Telling this story in her Florida apartment more than half a century later, at ease in her beloved beige recliner, my bubby clarified that she never intended to disrespect the soldier. She was curious, not just for what he might say but also to judge his mood from his tone and facial expression.
“If he’d cocked the gun and shouted, ‘I’ll shoot you!’ that would have meant one thing,” she explained. “But there was a lightness to this young soldier’s answer. It gave me a flicker of hope. Staying meant certain death, one way or the other. The way he answered my question left an alternative open.”
With a smile and a shrug, Violet left the line without a look back. Heart pounding, she walked down the swastika-lined Budapest street. A moment passed, the heels of her sensible taupe leather shoes clicking on the cobblestones. She tried to breathe evenly. Displaying even a hint of panic would be disastrous. Still, nothing happened. She walked a little faster, yet there was no shout, no sound of heavy military boots thudding into the ground behind her. (All her life, the sound of hiking boots gave Bubby a jolt—she said they make a similar sound.) Eventually, Violet made it all the way back to her refuge, where she waited out the remainder of the war and survived the Holocaust. Most of our family did not.

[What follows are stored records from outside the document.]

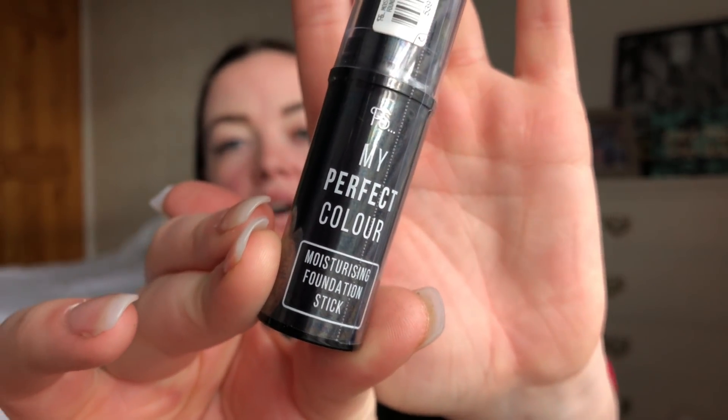It is the PS My Perfect Color Moisturizing Foundation Stick. It says it's buildable coverage, a velvet finish, and has vitamin E. It's 11 grams and I got the color Nude Beige. One of the best things about this is the price — we all know Primark is the holy grail, the best place to go on a budget. For two pounds fifty, I thought I need to pick it up and give it a go.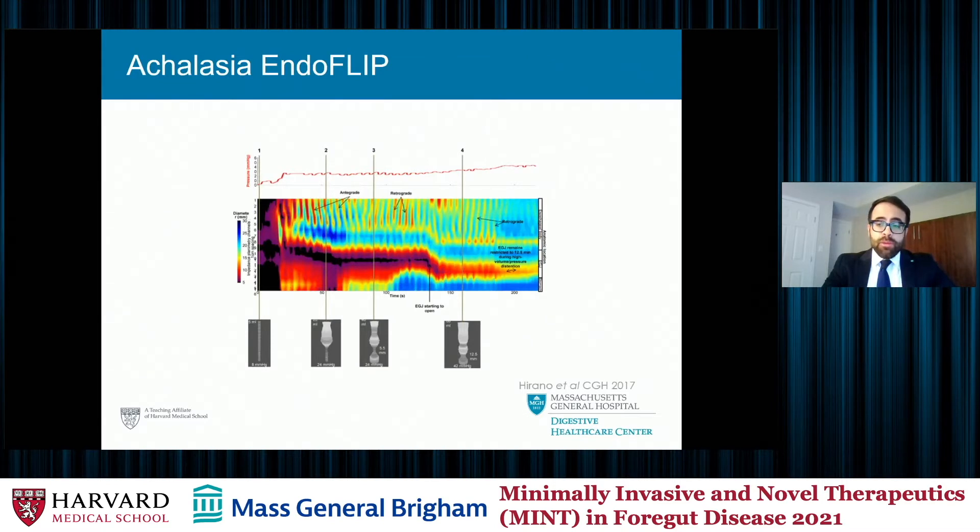This is what an abnormal EndoFLIP looks like in the setting of achalasia. From the prior slide, you had nice long slanted repetitive antegrade contractions representing normal activity. Here that pattern is disturbed — the contractions are shorter and flipped in the opposite direction, called repetitive retrograde contractions. These are always pathologic and usually associated with a major disorder of esophageal motor function. In the prior slide you saw dark blue areas suggesting LES relaxation; here there is none. It's angry red at the bottom, suggesting the LES is not relaxing — all criteria that match achalasia in the Chicago classification.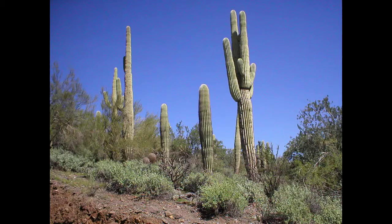The Sonora Desert is a place with beautiful plants and animals. It is located in Tucson, Arizona. The weather can get really hot — it can reach up to 120 degrees.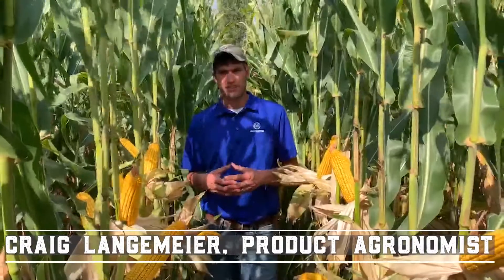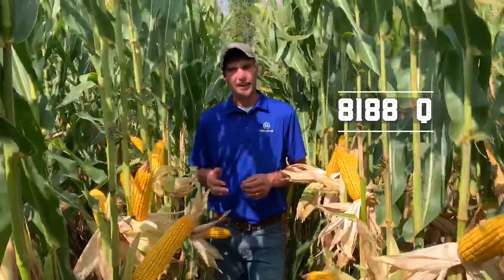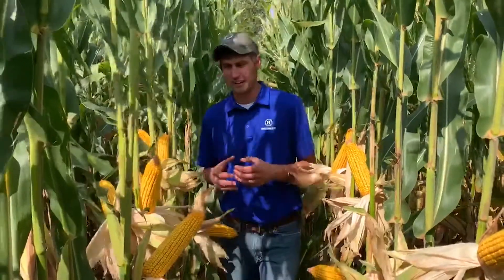Craig Langmar here with Hoegemeyer, standing in a field of 8188 in Calloway, Nebraska. 8188 is a 111-day corn product with excellent top-end yield and a very good disease package. We got a seven for early season vigor, so it comes up out of the ground with moderate plant height and moderate ear height.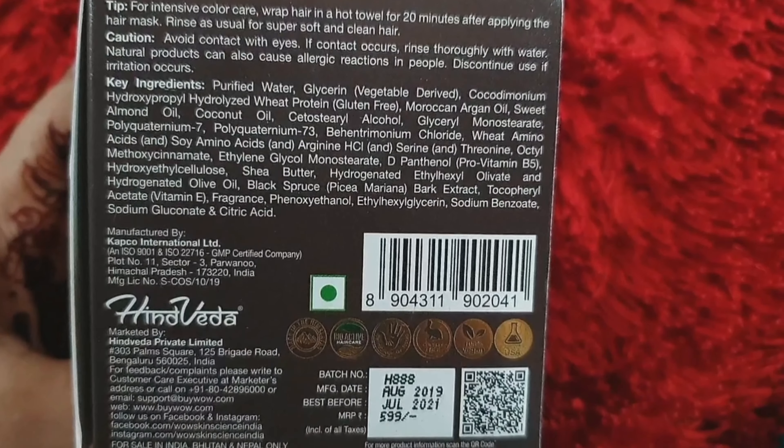Starting with the product packaging — this product comes in cardboard packaging, and it's very beautiful. All detailed information is written on it. The product price is 599 rupees, it's 200 ml, and it has a shelf life of 2 years.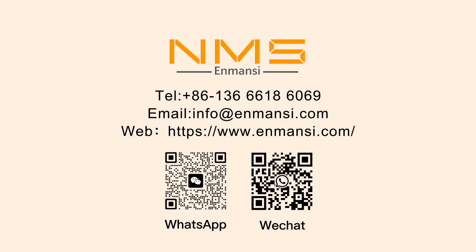If you need more information about the flooring or have any questions, please feel free to contact us.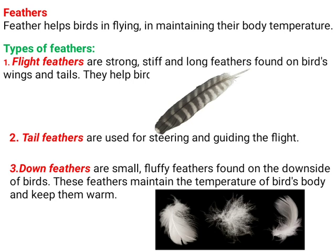Then, tail feathers are used for steering and guiding the flight. Tail feathers are found on the tail part. Down feathers are small, fluffy feathers found on the underside of birds. These feathers maintain the temperature of the bird's body and keep them warm. You can see pictures of down feathers here.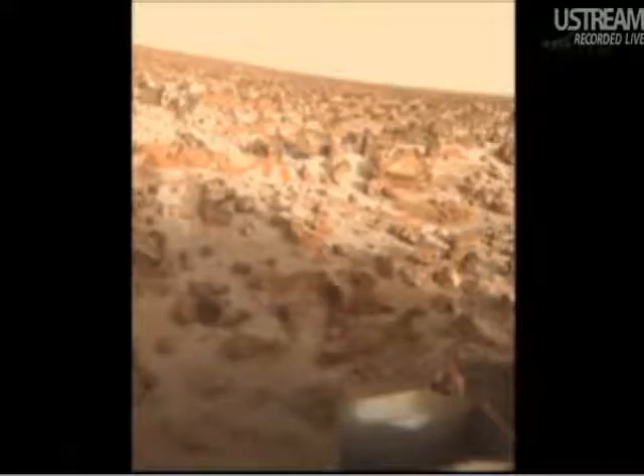So Viking landed — and this is from Viking 2 — and it shows a cold, barren, dry, apparently dead planet. And as you might imagine, the enthusiasm for Mars exploration kind of took a plummet.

Am I suggesting that any of the eleven million murdered people had the power to save themselves as Bubby did? Absolutely not. But l’dor v’dor—one generation teaching the next—is an important concept in Judaism. Bubby shared this lesson with me for a reason. Her curiosity saved her life and made my dad’s life—and mine—possible. Yes, asking the soldier a question represented a risk, but a relatively small one. The Jews on that street were doomed. Charging at him wouldn’t have gotten my slim, twenty-four-year-old grandmother out of that scrape. Nor would threats, bargaining, or promises. Being NOSY disarmed the soldier in a way no other tactic could, opening the door to survival. Lucky for me, Violet dared to ask a question.
What questions do you hesitate to ask? Why?

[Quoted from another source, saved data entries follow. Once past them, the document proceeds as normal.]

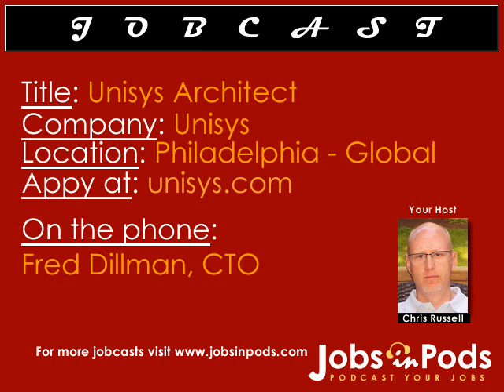Welcome to Jobs and Pods, the only podcast where real employers talk about their jobs and tell you what it's like to work there. I'm your host, Chris Russell. Today's job cast will feature software architect roles at Unisys Corporation in Philadelphia. They're a large, multi-billion-dollar technology firm. Joining us today will be Fred Doman, their chief technology officer. Fred, welcome to Jobs and Pods.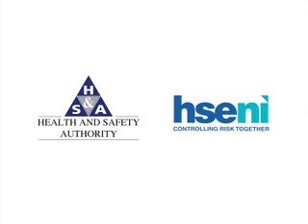Manual handling: assess to avoid, reduce, or reorganise.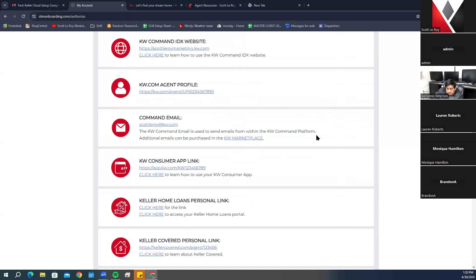Your Command email is typically the KW email address we set up for you, unless you specified a different business email. This is the email shown as the reply-to address when you send smart plans and campaigns in Command. Command allows 5,000 free emails per month. If you hit that limit, you can purchase more emails inside the marketplace.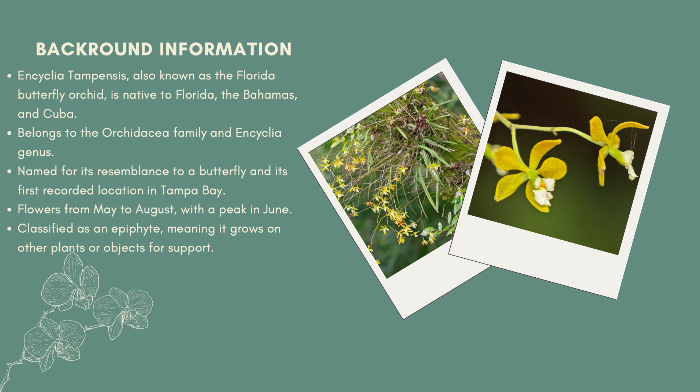This orchid is an epiphyte plant. This means that it grows on a plant or object for physical support.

IN DEFENSE OF STICKING YOUR NOSE WHERE IT DOESN’T BELONG
If I had to point to one skill that’s gotten me where I am today, it’s curiosity. And curiosity is a skill. It’s genuinely hard for many of us, but anyone can work to cultivate it. Lucky for me, curiosity has always come naturally. I’m a busybody, and I’m not ashamed to admit it. Whenever we check in to a hotel, my husband, Jon, steps back from the front desk and gestures at me with an air of resignation: “Go on, Jenny, ask your questions.”
Curiosity is an attitude, but it’s also a super-practical business and life asset in the right here, right now sense. Want to meet someone special? Tell everyone in your network that you’re single. Get on all the apps. Go on lots (and lots) of dates with an attitude of flexibility, openness, and curiosity: attention and intention without a rush to judgment. Be NOSY, and you’ll find your match. It’s not magic but simple probability. Maximize those odds by getting curious instead of cynical. As my mom always said, turn worry into wonder. The same logic applies to job opportunities. And investments. And finding that one-in-a-million real estate agent, auto mechanic, or coach. Curiosity opens the faucet of serendipity.